(TASK GOAL) Go through the data and copy each line where the word "this" shows up.

(TASK INPUT)
......
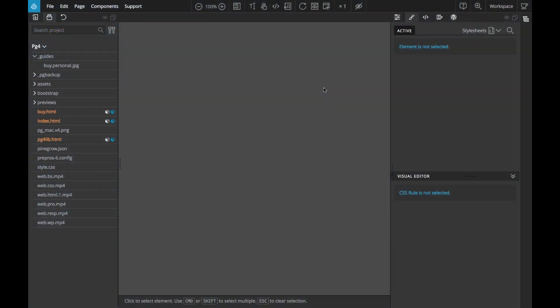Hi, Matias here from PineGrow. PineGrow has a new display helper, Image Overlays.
......
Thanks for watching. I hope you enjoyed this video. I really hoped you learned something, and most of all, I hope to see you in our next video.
......
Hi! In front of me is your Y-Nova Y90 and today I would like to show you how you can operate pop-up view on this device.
......
(FINISHED EXERCISE)
Thanks for watching. I hope you enjoyed this video. I really hoped you learned something, and most of all, I hope to see you in our next video.
Hi! In front of me is your Y-Nova Y90 and today I would like to show you how you can operate pop-up view on this device.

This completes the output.